Required work. Below are some records. Return exactly the lines from the one containing "Bio Mystery Retinol" through the one containing "Outsunny Garden Bench 2-Seater Steel-Black", both included, and only those.

Dataset records.
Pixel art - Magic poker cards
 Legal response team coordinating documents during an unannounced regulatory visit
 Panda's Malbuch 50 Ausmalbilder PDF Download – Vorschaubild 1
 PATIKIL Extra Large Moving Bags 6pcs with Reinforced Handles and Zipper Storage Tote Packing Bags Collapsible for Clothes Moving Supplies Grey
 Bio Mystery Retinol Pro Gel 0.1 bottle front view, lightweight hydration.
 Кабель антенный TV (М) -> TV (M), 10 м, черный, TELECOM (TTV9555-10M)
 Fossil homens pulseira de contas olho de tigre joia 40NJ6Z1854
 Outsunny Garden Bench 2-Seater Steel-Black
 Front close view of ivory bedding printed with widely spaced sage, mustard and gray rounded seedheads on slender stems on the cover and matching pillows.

---

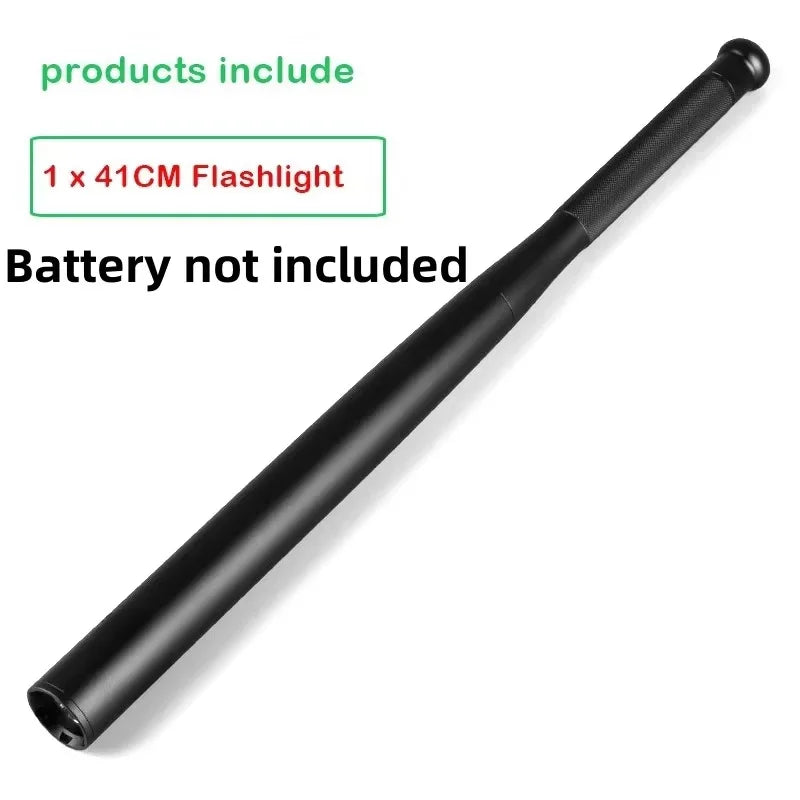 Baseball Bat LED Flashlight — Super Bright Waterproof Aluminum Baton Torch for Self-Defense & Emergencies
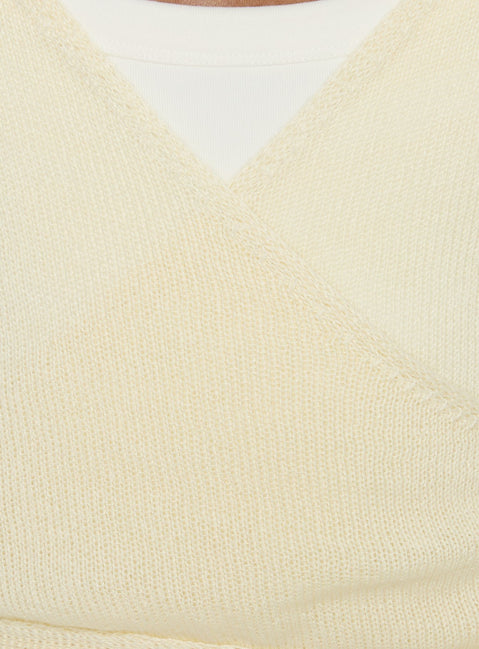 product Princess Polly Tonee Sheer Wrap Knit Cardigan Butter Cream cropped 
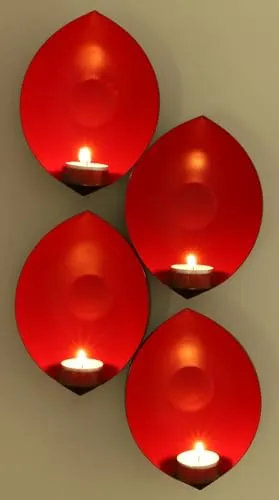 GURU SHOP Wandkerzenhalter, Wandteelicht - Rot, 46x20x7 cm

...

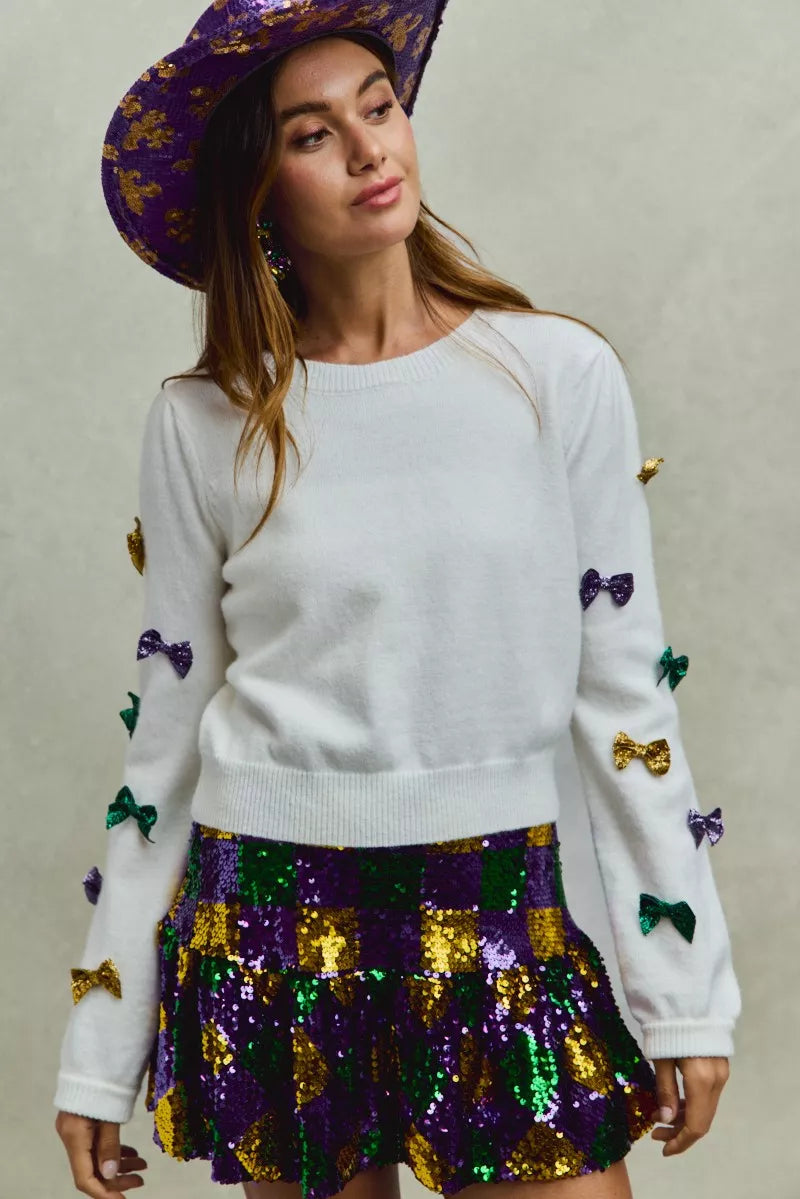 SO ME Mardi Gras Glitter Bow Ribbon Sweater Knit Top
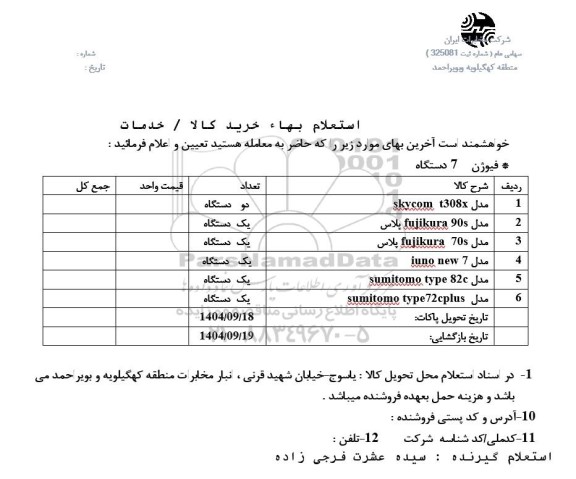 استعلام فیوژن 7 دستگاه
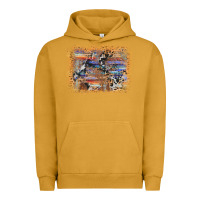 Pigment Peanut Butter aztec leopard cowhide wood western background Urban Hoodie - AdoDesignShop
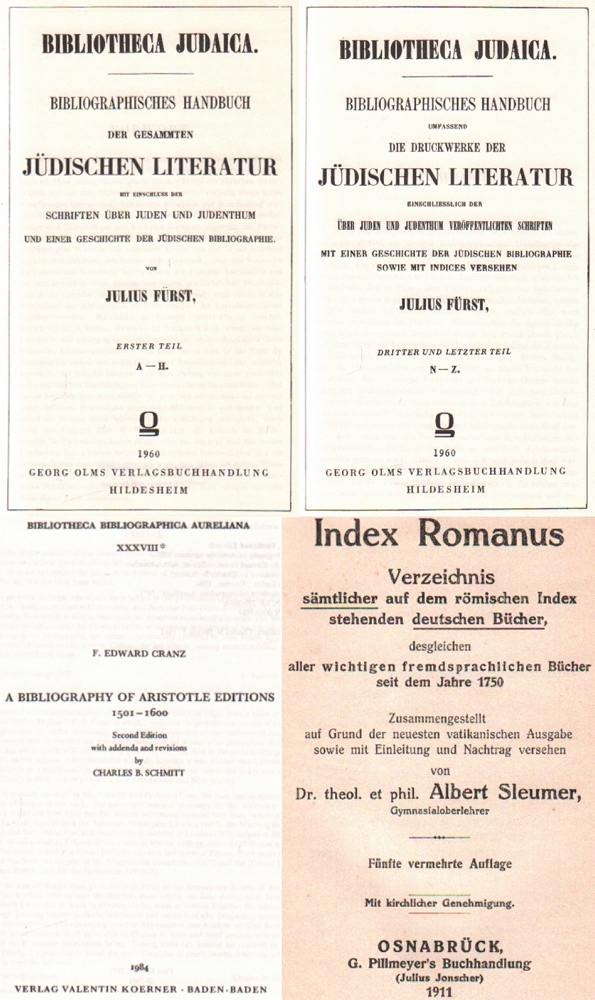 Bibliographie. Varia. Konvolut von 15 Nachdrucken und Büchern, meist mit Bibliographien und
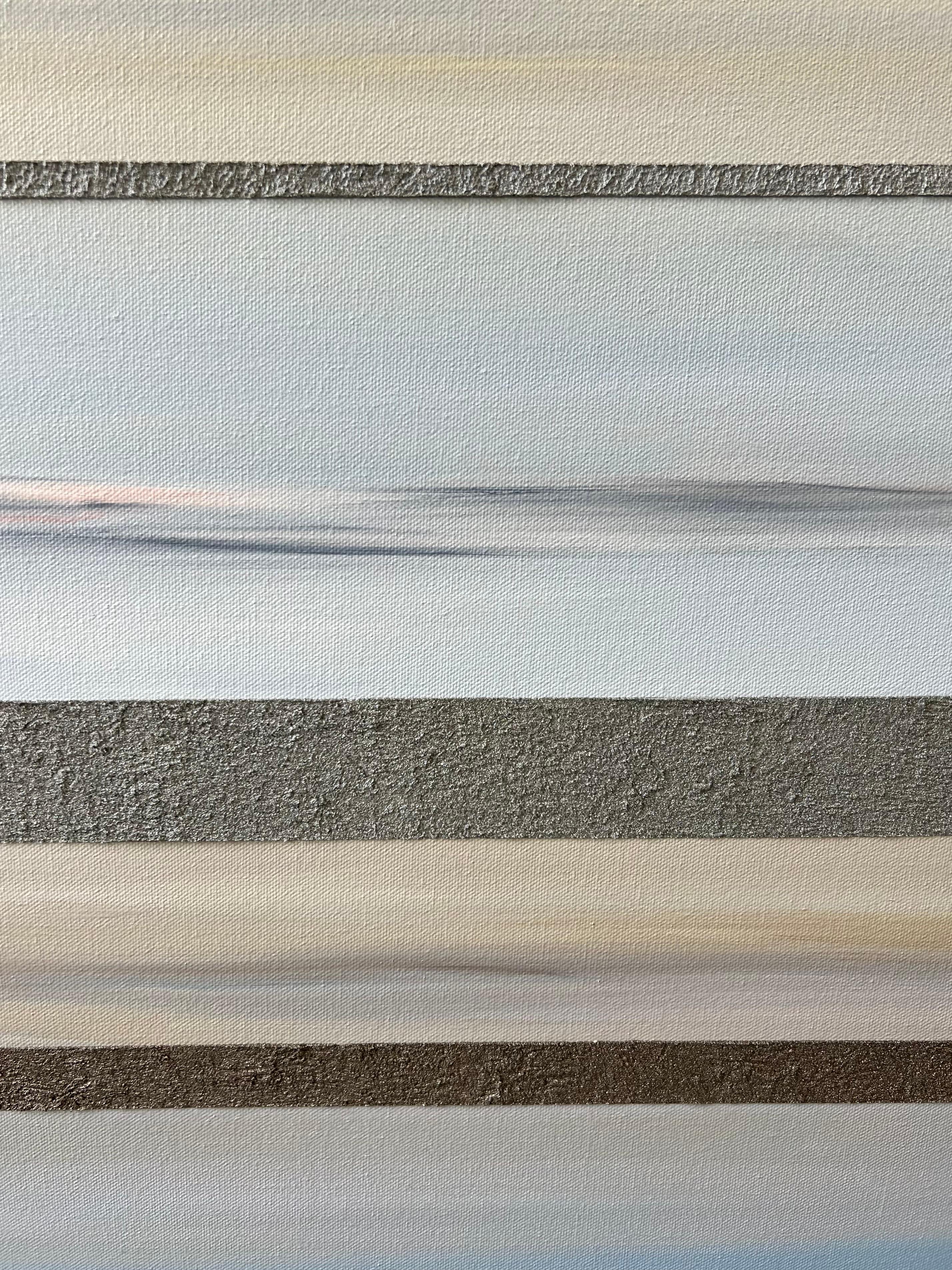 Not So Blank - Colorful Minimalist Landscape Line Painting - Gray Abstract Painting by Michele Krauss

Response area.
 Bio Mystery Retinol Pro Gel 0.1 bottle front view, lightweight hydration.
 Кабель антенный TV (М) -> TV (M), 10 м, черный, TELECOM (TTV9555-10M)
 Fossil homens pulseira de contas olho de tigre joia 40NJ6Z1854
 Outsunny Garden Bench 2-Seater Steel-Black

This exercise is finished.